Plausible? Definitely. The iPhone XR is one of the best phones Apple has ever made, and it would be crazy to outright kill it after just one cycle. In addition to the extra camera, Apple likely has some other refinements, but the question we have is: How will Apple differentiate it between the XS? The camera setup was by far the biggest difference between the two models, so if Apple takes away that advantage, what benefit do buyers have to spend an extra $250 (or whatever it costs next year) on the XS?
The notch on the iPhone screen not only serves a functional purpose, but it also gave the iPhone a look that was instantly recognizable (at least until other companies copied it).
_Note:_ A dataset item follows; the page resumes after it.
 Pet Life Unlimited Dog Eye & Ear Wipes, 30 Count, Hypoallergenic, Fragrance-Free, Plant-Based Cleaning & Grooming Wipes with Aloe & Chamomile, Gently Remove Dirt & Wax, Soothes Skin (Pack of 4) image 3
But if the rumors are accurate, don’t expect the notch to be a longtime characteristic of the iPhone.
AMS, a sensor manufacturer, announced that it has created a new optical sensor that can “accurately measure the intensity of ambient light from behind an OLED screen.” According to Reuters, Apple uses AMS optical sensors for 3D facial recognition in the iPhone, so it’s not that far of a reach to think that Apple would want to use AMS’s new TCS3701 Color and Proximity Sensor in the next iPhone. This could result in a much smaller notch, or perhaps no notch at all.
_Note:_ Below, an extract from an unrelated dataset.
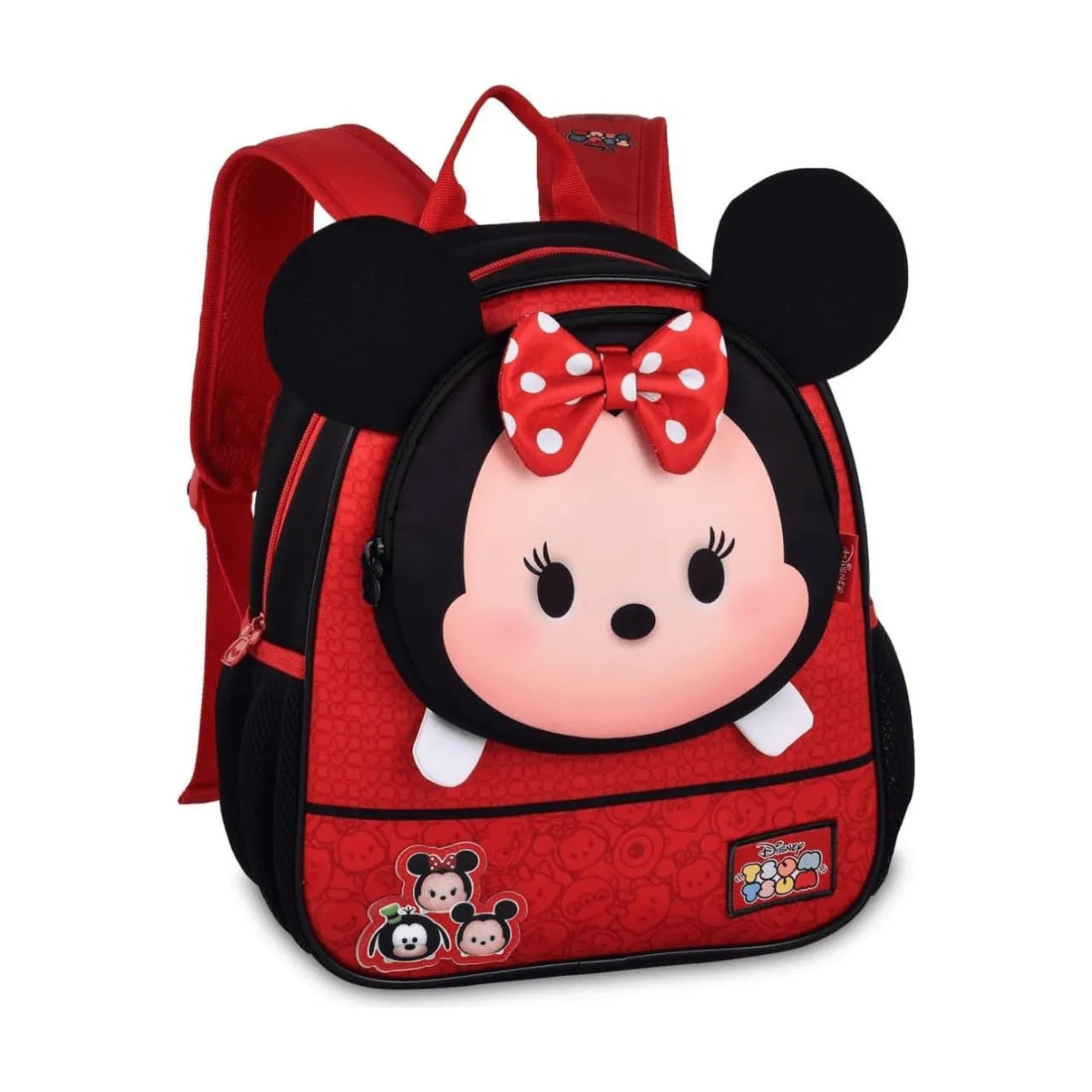 Mochila Baby Infantil Escolar Costas Minnie 3D Vermelha Bolsos laterais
Plausible? Apple and AMS have an established relationship (Reuters says that Apple accounts for 45 percent of AMS’s business), and rumors that Apple has been looking to shrink or eliminate the notch have been out for a while.
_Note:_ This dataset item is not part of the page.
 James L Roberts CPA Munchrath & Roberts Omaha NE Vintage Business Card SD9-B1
But the ambient light and proximity sensors are two of the smallest parts of the TrueDepth module that constitutes the iPhone’s notch. Far larger are the traditional front camera, the infrared front camera, the speaker, and the infrared dot emitter. In order to make the notch noticeably smaller, Apple would need to combine or eliminate some of those elements. Given their current placement, simply moving the proximity sensor and ambient light sensor underneath the OLED display, as per this rumor, wouldn’t do much at all.